In film I can make the world dance.
I first encountered Maya Deren’s work when I was learning how to make documentary films in New York. I remember discovering one of her films, Meditation on Violence (1948), on display in MoMA and was completely hypnotised by the looping movements of the Chinese dancer, Chao-Li Chi.
It’s unsurprising that I was so drawn to this experimental work as it encapsulates Maya’s main preoccupation as a filmmaker: the human body in motion and the way it could be captured cinematically.
Today I would like to share four Maya quotes that have inspired me:
Movement, or energy is more important, or powerful, than space or matter — that, in fact, it creates matter.
Through my training and experience of teaching The Alexander Technique I have learnt that even during moments of apparent stillness we are all continuously moving! Attuning to our unique frequencies enables a control and clarity of inhibition, direction and action in daily life. Starting from an energetic place within ourselves can transform our physical bodies and circumstances with ease.

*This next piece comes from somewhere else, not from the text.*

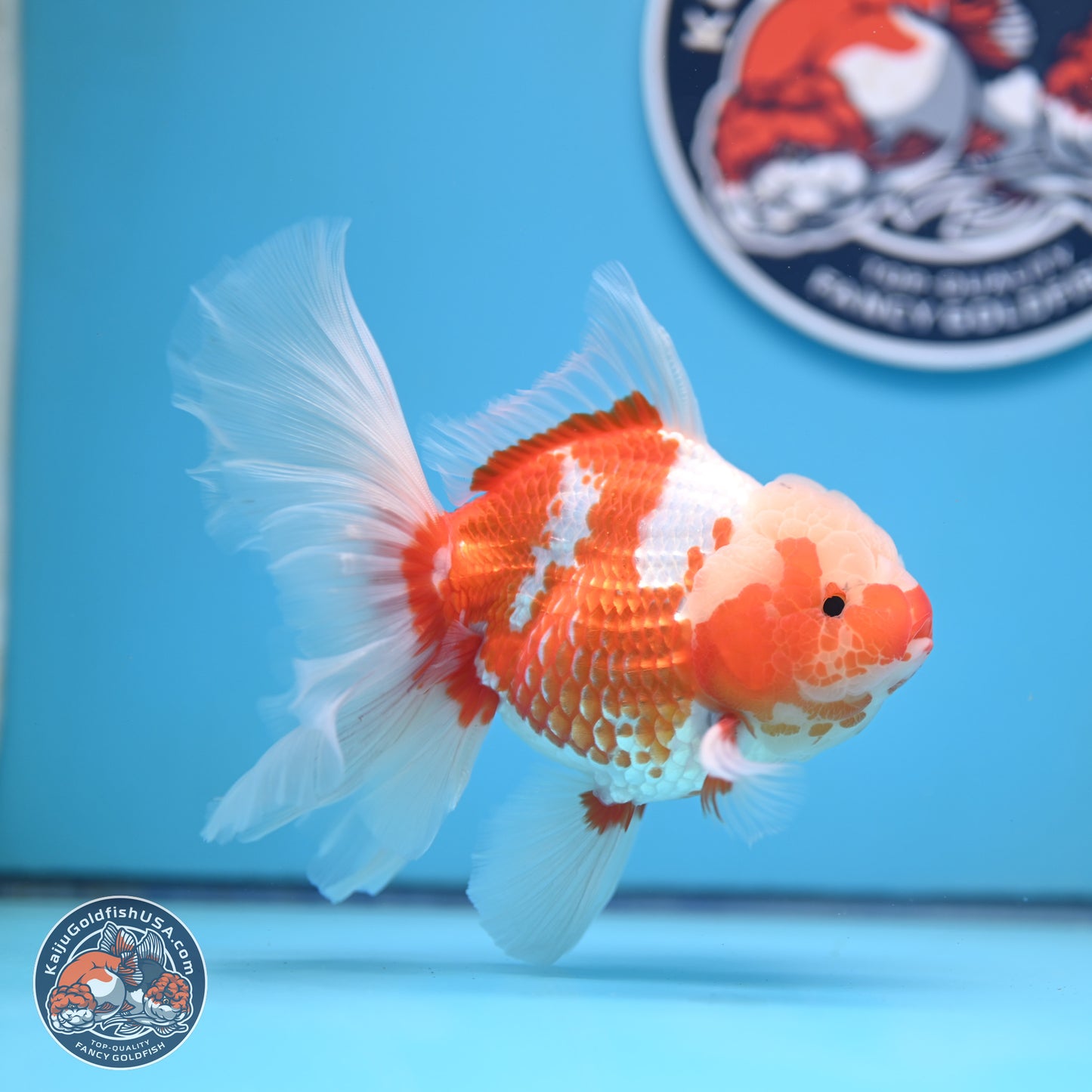 Jade Head Red White Rose Tail Oranda 4-6.5 inches (240906_OR07) - Kaiju Goldfish USA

Your mistakes will not get you fired.
In her essay, ‘Amateur versus Professional’, Maya celebrates the artistic freedom that being an ‘amateur’ allows. She highlights its etymology from the Latin word for ‘lover’: ‘the amateur should make use of the one great advantage which all professionals envy her, namely freedom - both artist and physical.’
Embracing our inner ‘amateur’ in life can enhance creativity and wonder because it is a state of being that celebrates ‘mistake-making’. This is not only the best way to learn but also leads to discovery.
The most important part of you equipment is yourself: your mobile body, your imaginative mind, and your freedom to use both. Make sure you do use them.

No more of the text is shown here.